As you can tell, now that we have an intuitive understanding of what difference-in-differences regression is actually doing, it’s become a simple matter to extend the approach to more complicated model specifications.

Part 5: Extending the Previous Model to Work for Time Series Data, i.e., Difference-in-Differences with Ten Observations per Class


Speaking of complicated… in many real-world cases, we really do have multiple time periods that we want to include in our analysis. For example, in our original data set, we had ten observations for every class — five before Launch Day and five after Launch Day.

And while this extra information can be nice, we need to use it responsibly: These kinds of repeated observations are synonymous with serial correlation.

Why is serial correlation a problem? I like this explanation, but I’ll try to add some color as well. (Note that this could probably be a whole post [and may be one soon!], so I’m going to keep it high-level.)

When you took undergraduate statistics, one of the things your professor probably did was list out the assumptions of regression inference and then fail to explain them properly (I kid, I kid).

One such assumption was this: Your errors can’t be correlated. In other words, knowing something about the error of one of your estimates should tell you nothing about the error of one of your other estimates.

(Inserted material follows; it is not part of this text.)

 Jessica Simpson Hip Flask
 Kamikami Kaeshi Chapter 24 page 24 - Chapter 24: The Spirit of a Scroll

However, this assumption breaks down in the presence of serial correlation. Why? Well, let’s consider a Calculus class from our data set. What would happen if — one random month — it became weirdly popular among Caltech students? Caltech students are pretty smart (source not cited), so Learner Mastery scores would probably go up. Moreover, Caltech students might be inclined to share this class with their network (whose members might also be smart), and so Learner Mastery scores in subsequent months would remain elevated. After a while, as students from Caltech and Caltech’s network got bored and moved on to classes about programming drones, Calculus mastery scores would return to normal. However, in all likelihood, a simple regression would systematically underestimate the scores during the “Caltech” months and systematically overestimate the scores during the “normal” months, as it tries to strike a balance between the two (remember: Regression is a super-charged averaging machine, but not a particularly smart one).

This is a violation of our regression assumptions, because if we knew that Month 2 was the first “Caltech month,” we would be able to say something about our probable error in Months 3 and 4.

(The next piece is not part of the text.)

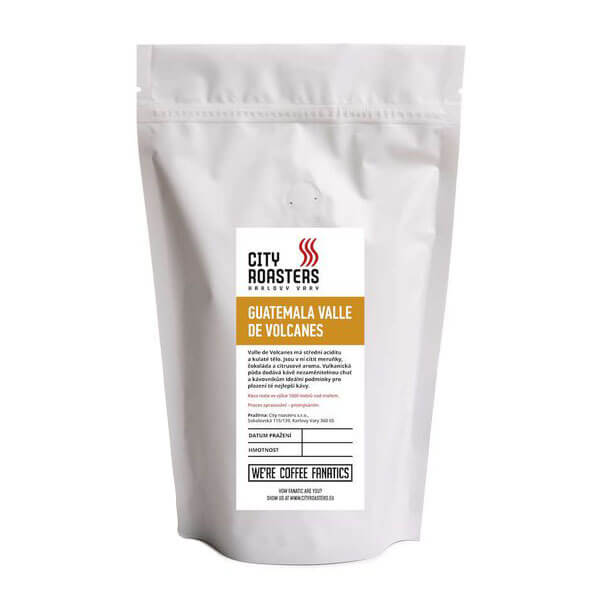 Specialty coffee City Roasters Guatemala VALLE DE VOLCANES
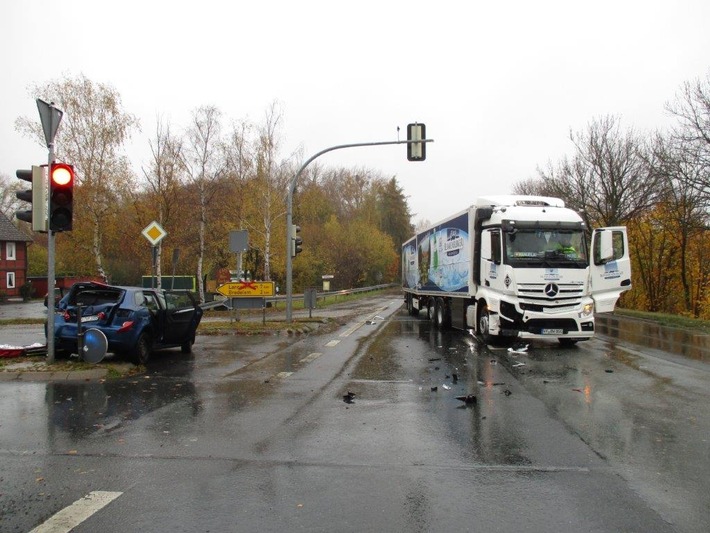 POL-GS: Pressemitteilungen Polizeiinspektion Goslar vom 05.11.2021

Intuitively, then, serial correlation means we have less information than we think we do. Although we’re treating the monthly observations of this Calculus class independently, any observation that is touched by this Caltech effect is, in some sense, not a real independent observation.

This is not good. Regression will proceed to calculate our standard errors — the things which tell us how precise our estimates are and whether we should take them seriously — under overly optimistic assumptions4. It’ll think we can treat all ten error terms as wondrous, unique snowflakes, but in reality, we need to melt some of these snowflakes together to account for their connectedness.

So what can we do?

Thankfully, many smart people have thought about it, and their solutions are available in R.

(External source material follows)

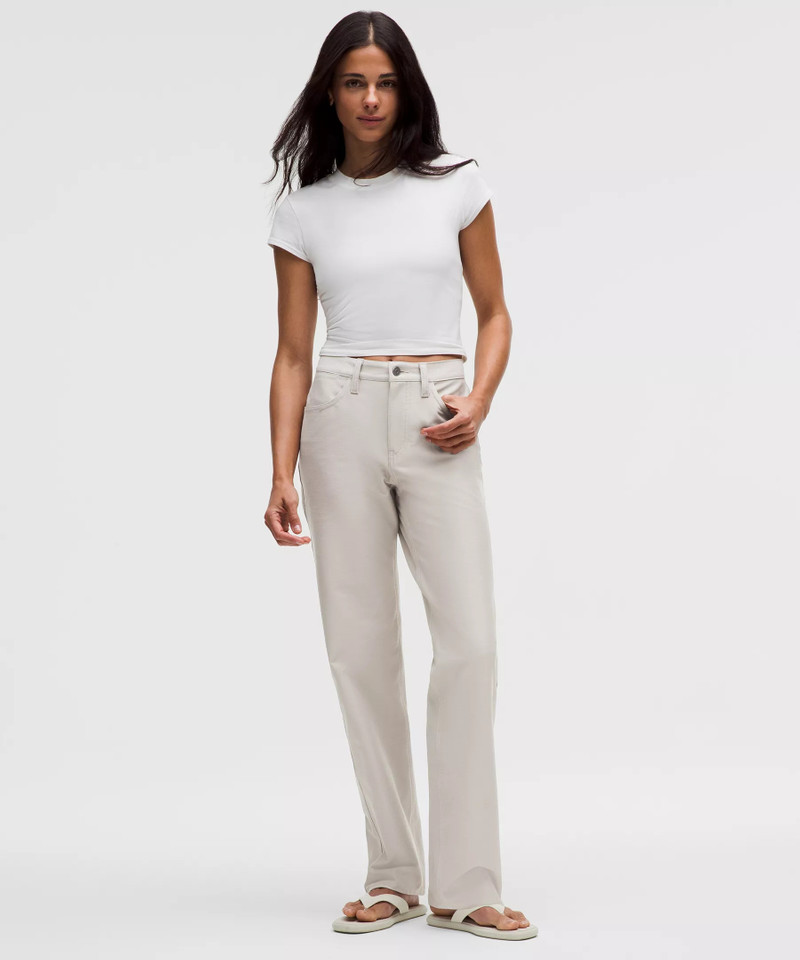 EasyFive Mid-Rise Relaxed-Straight Pant *Regular 1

My preferred method (assuming you have enough unique classes in your data set5) is to fit the same regression6 from Part 4…

# we're in R now!
m = lm(avg_learner_mastery ~ month + class_number + post_launch_day:received_wni, df)

summary(m)

Screen Shot 2017-03-28 at 7.17.33 PM.png

…but to use the multiwayvcov package in R to cluster7 by class. Clustering will adjust our standard errors by allowing for things like autocorrelation within a class, which helps address our “Caltech problem” along with other unobserved time trends.

# still in R!
vcov_class = cluster.vcov(m, df$class_number)

coeftest(m, vcov_class)

Screen Shot 2017-03-29 at 3.43.17 PM.png

In the third column, we see that the standard errors of our WNI estimate increased: The adjustment has done its job.

(Having said all that, please never underestimate the power of simplicity — in either causal inference or life in general. One reasonable approach here would be to aggregate data into “pre” and “post” periods, and then this problem reduces to the simpler one we solved in Part 4. You give up a bit of statistical power — and you can’t get into heated Internet disputes about the right way to cluster — but then again: convenience! This tactic is particularly helpful — even necessary — when we don’t have enough higher-level groups for clustering to work properly. See the Appendix for more.)

Part 6: Wrapping Up with Panel Methods, or — Part 5 Is Your Generalizable Friend


In all of our previous analyses, we made a big simplifying assumption: Namely, that we had a single, action-packed  “Launch Day” when the WNI happened.

This Launch Day allowed us to cleanly separate our data into “pre” and “post” periods, which has a number of convenient side effects: In Part 2, for example, we used this fact to visualize whether our assumption of parallel trends was valid. (If we wanted, we could have even done a little “analysis” by eyeballing how the difference between the green and blue lines changed over time.) Meanwhile, in Part 4, we didn’t have to include separate regressors for every month, and in Part 5, we could have simplified the problem by straightforwardly aggregating our ten monthly observations into two “before” and “after” observations.

Of course, the world isn’t always — or even mostly — so kind to us Data Scientists.

Consider, then, a world where professors could choose to implement the WNI at any time. Some professors implement it in January, while others don’t get around to it until June. Suddenly, we have treatments happening all over the place!

Is there any hope?

Yes!

Look closely at the regression equation from Part 5. It doesn’t actually make any assumptions about when the treatment variable is turned on because it includes separate regressors for every month (if you missed this, I cover it more explicitly in Note 6 of the Appendix). As such, even if different classes got the treatment at different times, we can use the exact same process from Part 5 to calculate the treatment effect of your WNI. 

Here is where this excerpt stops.